(Image-text web data)

• • •

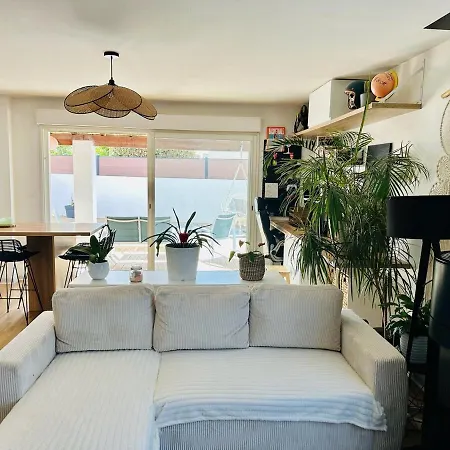 Avec Piscine Proche De La Perols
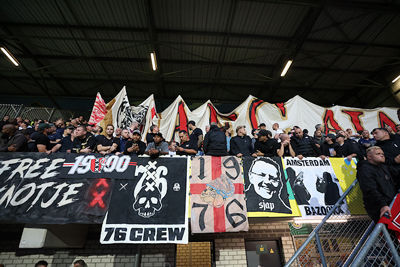 Een megasjaal wordt voorzichtig uitgerold. © De Brouwer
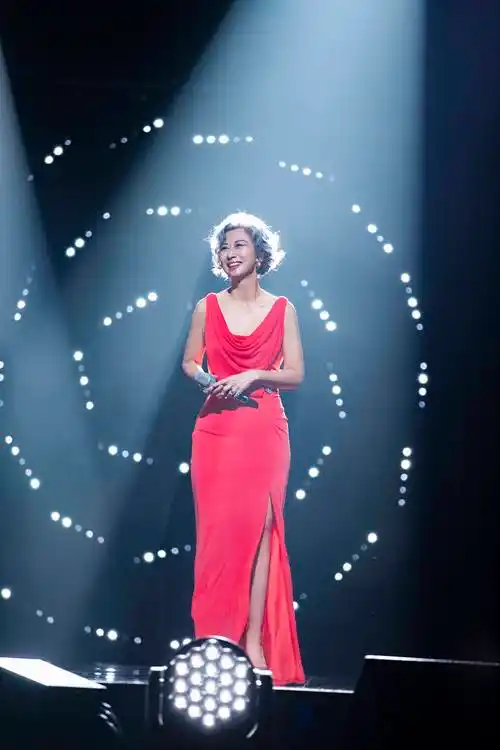 声生不息港乐季曝舞台照叶蒨文红裙抢镜杨千嬅身着蛋糕裙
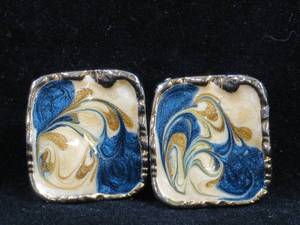 lot 63 image: Vintage Enamel Filled Earrings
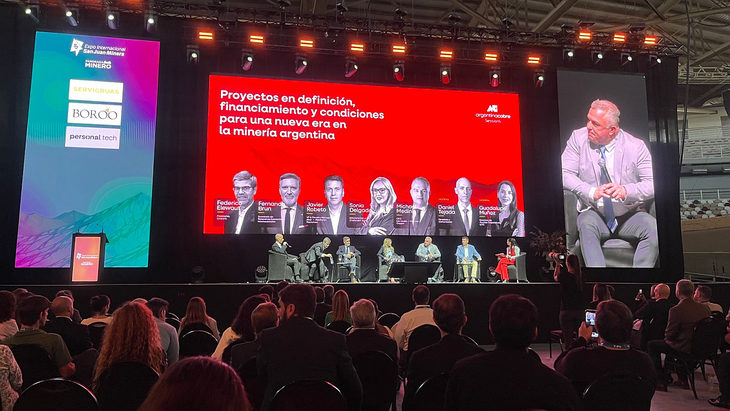 El panel con empresarios mineros, el Citi y Cancillería fue moderado por el periodista Daniel Tejada y Guadalupe Muñoz, directora de Asuntos Corporativos de LLYC.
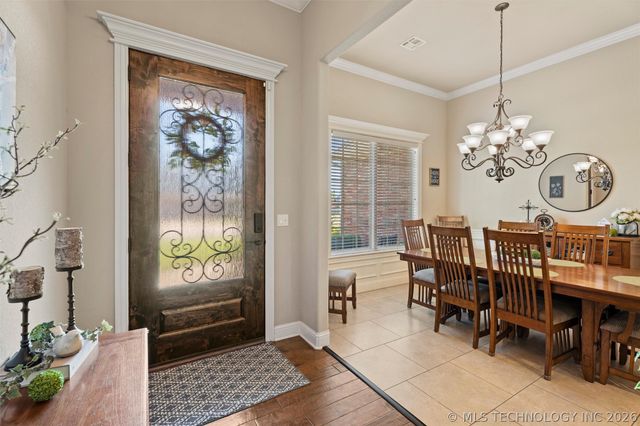 5602 Aspen Avenue, Bartlesville, OK 74006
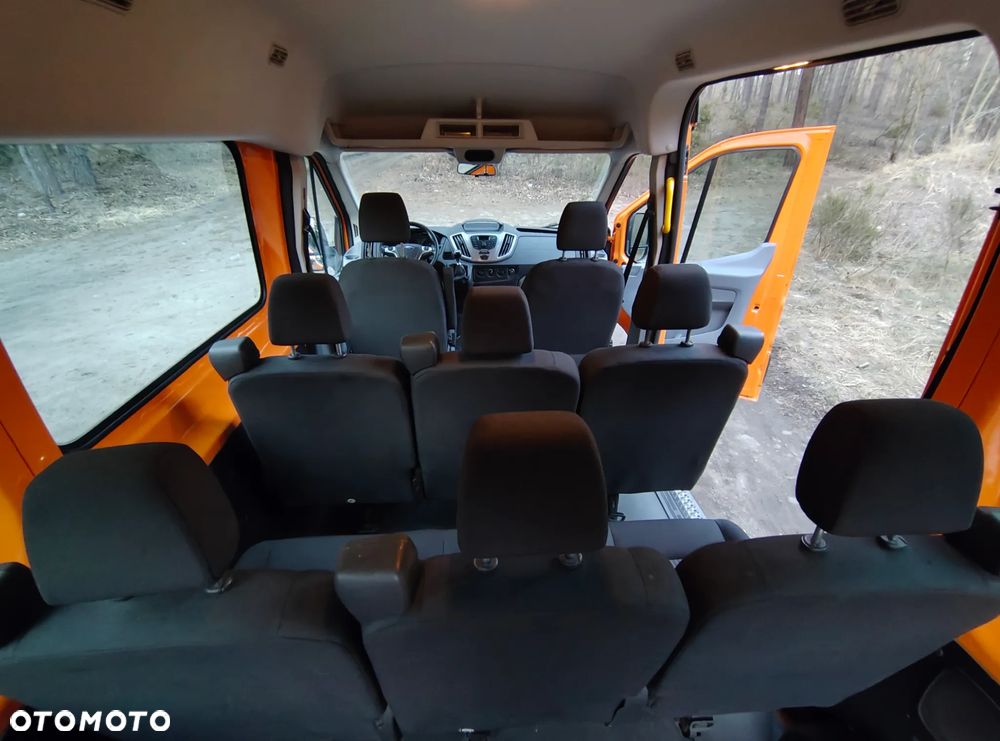 Ford Transit - 24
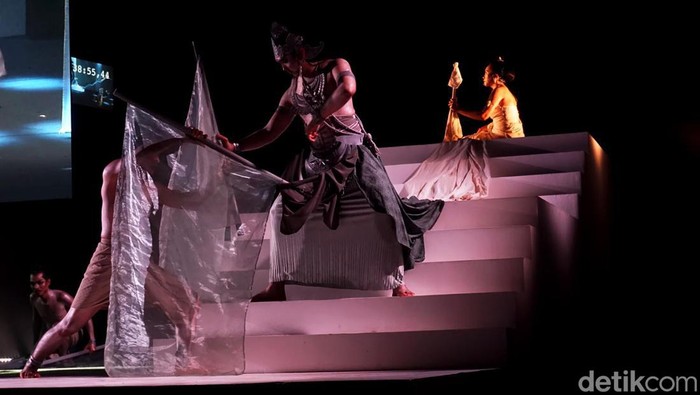 Opera Gayatri Rajaptni Opera Gayatri Rajaptni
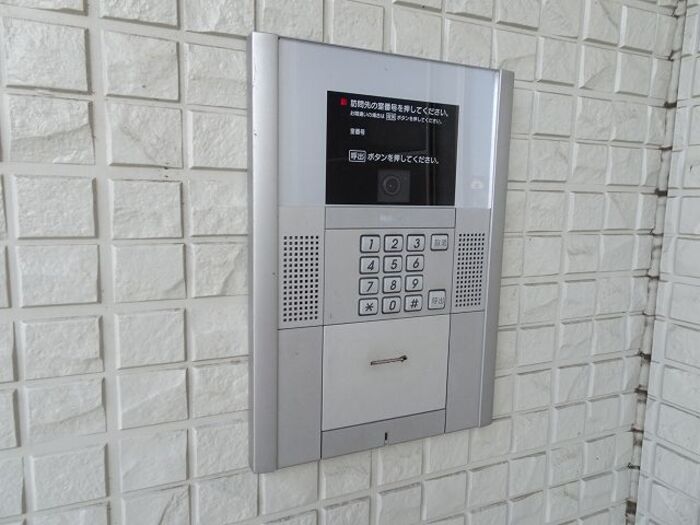 セキュリティ　オートロック付き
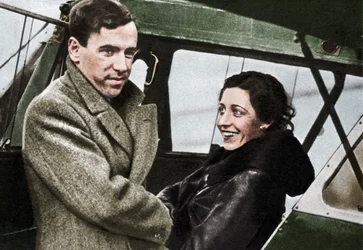 Amy Johnson, britische Fliegerin, kurz vor dem Aufbruch nach Kapstadt, 1932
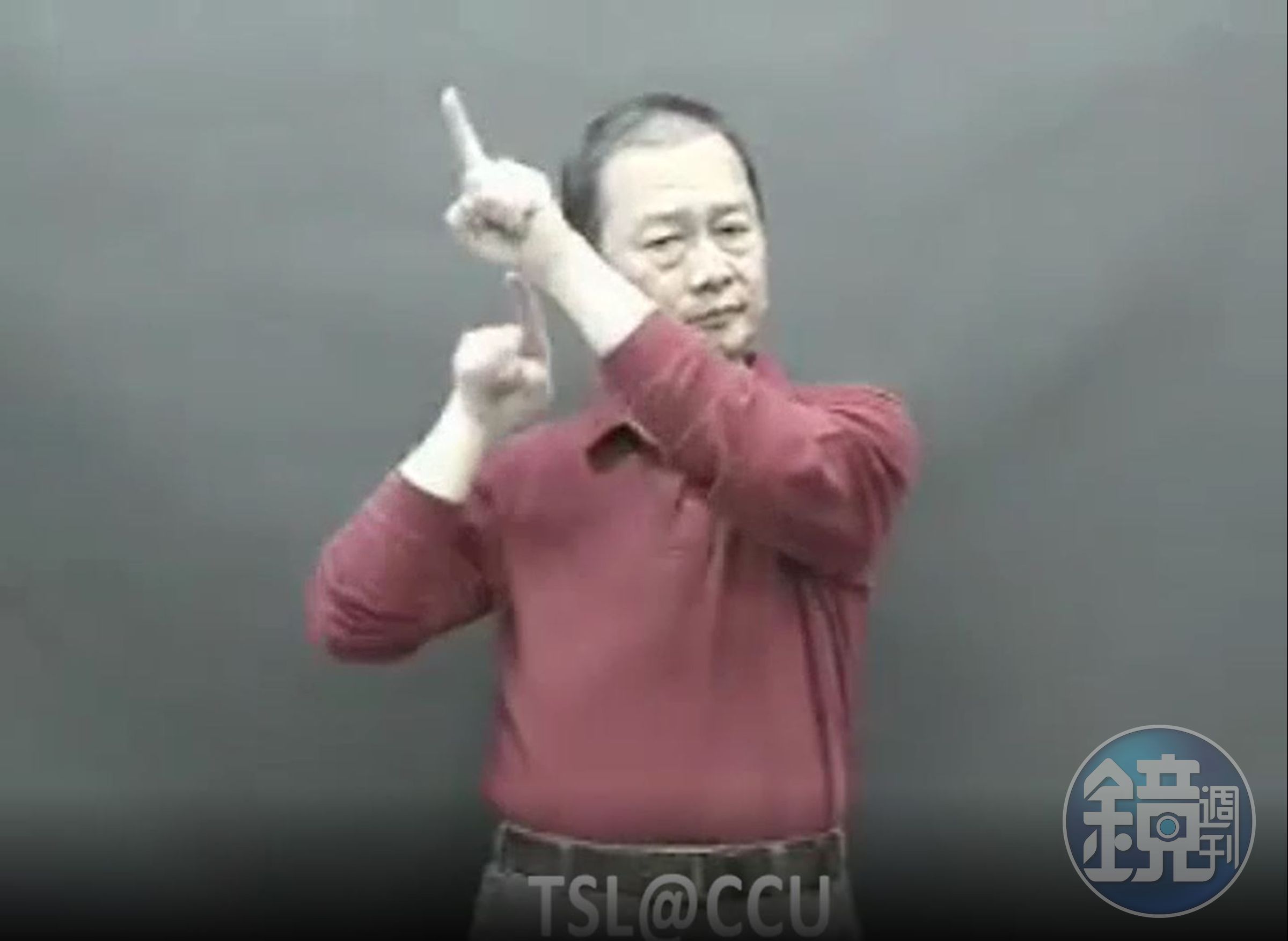 e-2 詞義「鹿_S」，南部打法；圖片來源：中正大學台灣手語線上詞典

• • •

### WHAT THE TASK REQUIRES
All pictures must be left out. Reproduce exactly the lines from the one containing "声生不息港乐季曝舞台照叶蒨文红裙抢镜杨千嬅身着蛋糕裙" to the final line of the entries.

### EXERCISE OUTPUT
 声生不息港乐季曝舞台照叶蒨文红裙抢镜杨千嬅身着蛋糕裙
 lot 63 image: Vintage Enamel Filled Earrings
 El panel con empresarios mineros, el Citi y Cancillería fue moderado por el periodista Daniel Tejada y Guadalupe Muñoz, directora de Asuntos Corporativos de LLYC.
 5602 Aspen Avenue, Bartlesville, OK 74006
 Ford Transit - 24
 Opera Gayatri Rajaptni Opera Gayatri Rajaptni
 セキュリティ　オートロック付き
 Amy Johnson, britische Fliegerin, kurz vor dem Aufbruch nach Kapstadt, 1932
 e-2 詞義「鹿_S」，南部打法；圖片來源：中正大學台灣手語線上詞典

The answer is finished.